Nadal jednak wieje, więc pewnie cykady nie mają siły, czy co???.
Już po powrocie do domu starałam się zgłębić zagadkę "niecykania" cykad i wyczytałam to, o czym wcześniej nie wiedziałam:

"Charakterystyczny jest wydawany przez nie dźwięk - tzw. "pieśń zalotna" samców. Siła brzmienia "chóru""grupy tych owadów często przekracza 100 dB"

To znaczy, o tym, że głośno cykają, to wiedziałam i na własne uszy słyszałam - ale że to pieśń zalotna samców??? Widać te samce kochliwe Obrazekmocno są, skoro tak się bezustannie zalecają...

Wiatr wiał zdecydowanie od gór, ale zimny nie był - Bora? Nie bora?

W każdym razie morze wyglądało fantastycznie.
Obrazek



Najfajniejsze było to, że były to fale nie w kierunku brzegu, a dokładnie odwrotnie, a więc w kierunku wysp Brač i Hvar.

Tak ten wiatr zamieszał, że woda z letniej, jaką jeszcze wczoraj była, zmieniła się w chłodną, ba, nawet zimną. Tego dnia bardzo mało było amatorów kąpieli. Po sprawdzeniu stopą temperatury stwierdziłam, że ja do tych śmiałków na pewno tego dnia należeć nie będę.

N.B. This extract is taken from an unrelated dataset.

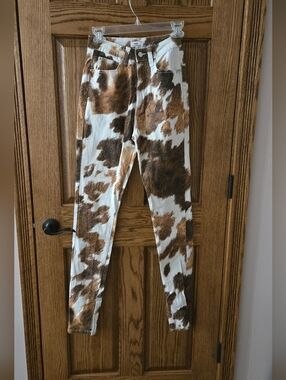 WeWoreWhat Cowhide Print Stiletto Slit Jeans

Ludzie na plaży, ale w wodzie ani jednego :lol:
Obrazek

Wiało jeszcze kolejną noc. Mi z reguły silny wiatr w spaniu przeszkadza, więc spałam jak przysłowiowy zając pod miedzą, rzec by można "z szeroko otwartymi oczami". W związku z tym w pewnej chwili usłyszałam uderzające w tarasowe płytki "cosie".
Tymi "cosiami" okazały się bieliźniane szpilki, którymi wieczorem solidnie przytwierdziłam do sznura stroje kąpielowe i ręczniki. Wszystko to wiatr zerwał i szalało po tarasie, ale jedna rzecz postanowiła pofrunąć dalej.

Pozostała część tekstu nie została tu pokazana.